Portant une robe traditionnelle rose foncée, elle n'a fait aucune déclaration. «Suis-je belle quand je souris ?», a-t-elle simplement demandé aux photographes en souriant avant de repartir.

Les deux diplomates américains espéraient poser les bases d'un dialogue à long terme avec la junte.

«Les États-Unis sont prêts à prendre des mesures pour améliorer les relations mais ce processus doit être fondé sur des efforts réciproques et concrets du gouvernement birman», a relevé Kurt Campbell à la fin de sa visite.

Lui et son assistant ont rencontré mercredi le premier ministre Thein Sein à Naypyidaw, la capitale du pays depuis 2005, à 400 kilomètres au nord de Rangoun.

Mais le généralissime Than Shwe, l'homme fort du régime qui limite au maximum ses rencontres avec les étrangers, est resté inaccessible. Selon les médias gouvernementaux, il était en mission dans le sud du pays.

Kurt Campbell est le plus haut responsable américain à se rendre en Birmanie depuis la visite en 1995, sous la présidence de Bill Clinton, de Madeleine Albright, alors ambassadeur des États-Unis aux Nations unies.

Sa visite concrétise la prise de conscience par le gouvernement de Barack Obama de l'inefficacité des seules sanctions économiques, qui ne sont pas parvenues à faire évoluer l'un des régimes les plus fermés du monde.

Le diplomate a souligné sa détermination à voir la Birmanie «respecter les droits de l'Homme de son peuple, promouvoir la démocratie et appliquer les résolutions des Nations unies».
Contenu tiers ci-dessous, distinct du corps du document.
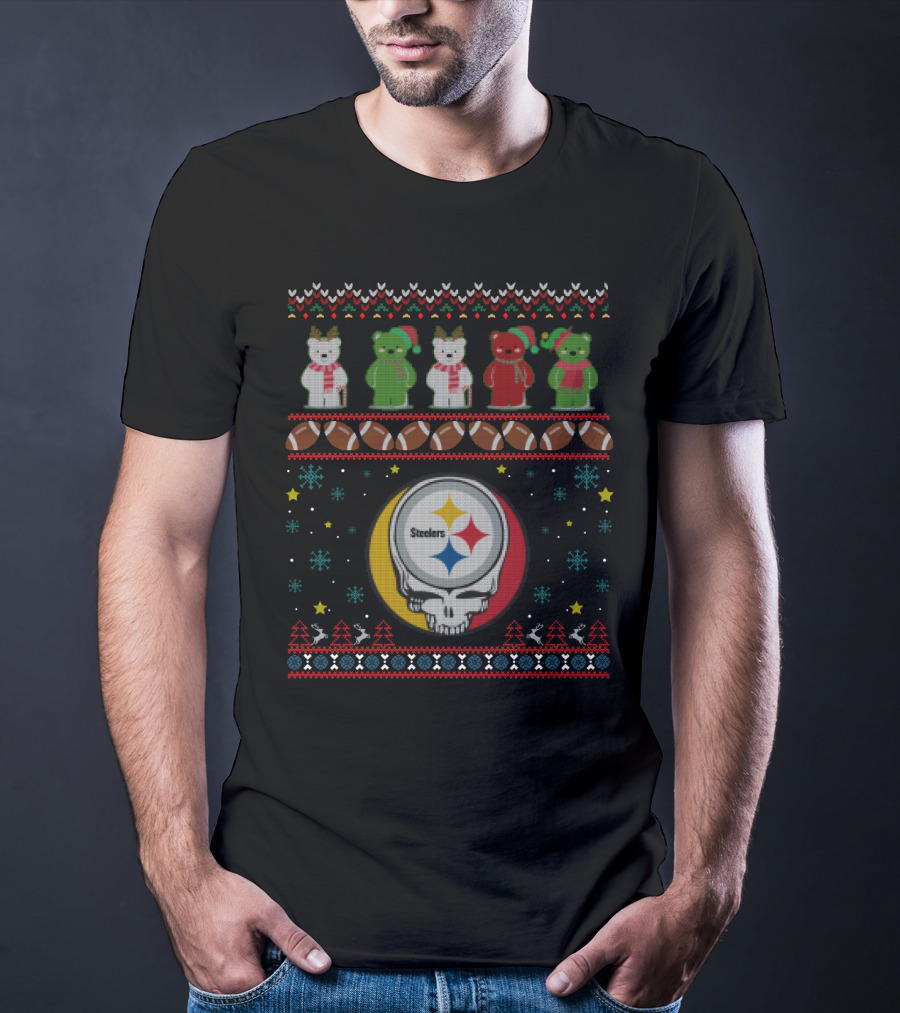 Pittsburgh Steelers Grateful Dead Bears Christmas Holiday T-Shirt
«Nous avons affirmé notre engagement à un dialogue entre le gouvernement, l'opposition et les groupes ethniques» a-t-il ajouté.

Ce rapprochement bilatéral coïncide avec un réchauffement des relations entre la junte et Aung San Suu Kyi, qui a passé plus de 14 des 20 dernières années privée de liberté et qui demeure viscéralement détestée par Than Shwe.

La figure de proue de la Ligue nationale pour la démocratie (LND), principal parti d'opposition, avait remporté les dernières élections en 1990 mais n'a jamais été autorisée à exercer le pouvoir.

Mercredi, les diplomates ont d'ailleurs rencontré des cadres du parti. «Nous sommes restés concentrés sur le dialogue entre Aung San Suu Kyi et le généralissime Than Shwe», a indiqué à l'AFP un porte-parole de la LND, Khin Maung Swe.

Ecartée par sa récente condamnation des élections promises par la junte en 2010, Mme Suu Kyi est cependant revenue dans le jeu politique, après avoir repris contact en octobre avec l'officier de liaison de la junte et avec les diplomates étrangers en poste à Rangoun.

Longtemps favorable aux sanctions, l'opposante admet elle aussi désormais qu'elles étranglent la population mais ne font sourciller ni les généraux, ni les hommes d'affaires qui prospèrent avec eux.